El sexenio de Enrique Peña Nieto empezó con el Pacto por México, firmado entre las principales fuerzas políticas del país, que consensó reformas estructurales en los sectores energético, educativo, telecomunicaciones, laboral y fiscal. Durante los dos sexenios previos, encabezados por el PAN, tanto el PRI como el PRD se habían opuesto radicalmente a las mismas reformas que logró pactar Peña Nieto, denunciándolas como “regresivas”. ¿Qué cambió? El cambio era que el PRI encabezaba el nuevo gobierno, y el PRD se inclinaba instintivamente a favor de la plataforma priista, contra la panista. Así las cosas, había condiciones para acordar ese Pacto.

La escisión en el PRD y la creación de Morena se justificó, programáticamente, en el rechazo al Pacto por México. Esa organización se creó oponiéndose al modelo implícito en el modelo del Pacto. Se formó como partido repudiando.  Ahora que Morena será gobierno, avala el nuevo Tratado de Libre Comercio de América del Norte, o el Acuerdo Bilateral Estados Unidos-México, cualquiera de los dos que quede finalmente. Ambas propuestas plasman los mismos principios del Pacto por México, ahora avalado por quien ganó las elecciones llamando a votar contra ese proyecto.

El nuevo acuerdo entre Estados Unidos y México contiene perlas trumpianas que cuentan, por tanto, con el apoyo del gobierno federal entrante. Lo primero es el aval implícito dado a la Reforma Energética y a la de Telecomunicaciones. Lo fiscal cae por su propio peso, mientras pueden haber algunos cuestionamientos, pero probablemente no cambios de fondo, a las reformas Laboral y Educativa. En este último caso, ya se ha anunciado que, después de todo, la evaluación a docentes es algo que se mantendrá de la actual ley.

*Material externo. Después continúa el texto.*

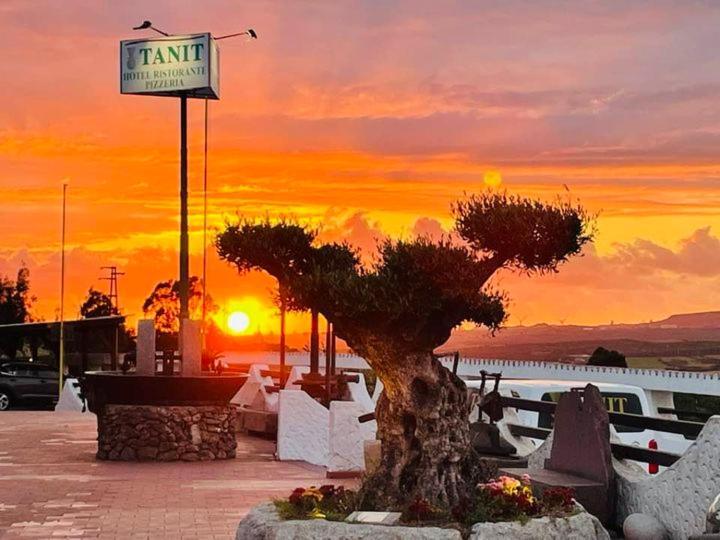 Tanit Hotel Villaggio Ristorante Carbonia Esterno foto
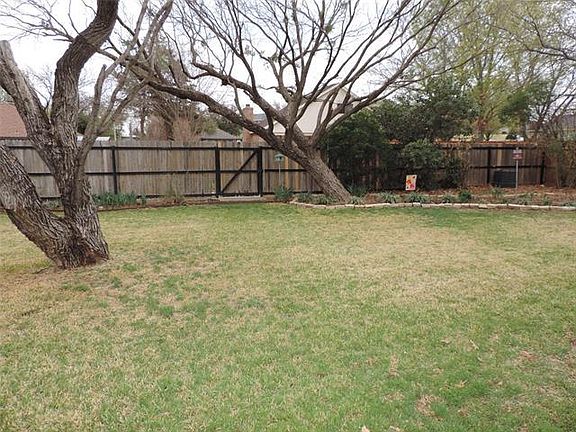 5th image of 5049 Robertson Dr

Más preocupante es el reconocimiento, por parte de México, de que la seguridad nacional es un argumento legítimo para que Estados Unidos pueda justificar la aplicación de aranceles, tarifas o cuotas a productos de nuestro país. Legitimar el discurso de la seguridad nacional es una reminiscencia de la Guerra Fría y no debería ser aplicable en las circunstancias económicas actuales. Pero se los permitimos.

Otro tema preocupante es que México abandonó el debate sobre la resolución de controversias comerciales entre los países firmantes vía paneles independientes. Estados Unidos quiere dirimir las cosas en sus cortes, donde goza, obviamente, de la ventaja por prejuicio. Canadá ha sido más radical e insistente en este tema que México.

Por otro lado, México accedió a reglas de origen que benefician principalmente a las armadoras de automotores estadunidenses y en detrimento de las armadoras asiáticas (excepto Toyota) y europeas. En última instancia, este acuerdo puede desalentar y posiblemente inhibir nuevas inversiones en el país. El paso de 62.5% a 75% de partes con origen en América del Norte, aunque sea en cinco años, va a retrasar, si no cancelar, inversiones de otras regiones del mundo.

El gobierno entrante en México anunció que se había defendido la “soberanía nacional” con la nueva redacción sobre los energéticos. En realidad, el concepto, con otra redacción, quedó exactamente como estaba originalmente. Sin embargo, el incidente reveló algo importante acerca del pensamiento de López Obrador y Trump: lo que para uno es “soberanía nacional” para el otro es “seguridad nacional”, entendidos como conceptos intercambiables.

El nuevo acuerdo comercial refrenda el mismo modelo económico para nuestro país que el Pacto por México. Gobiernos diferentes, modelos parecidos.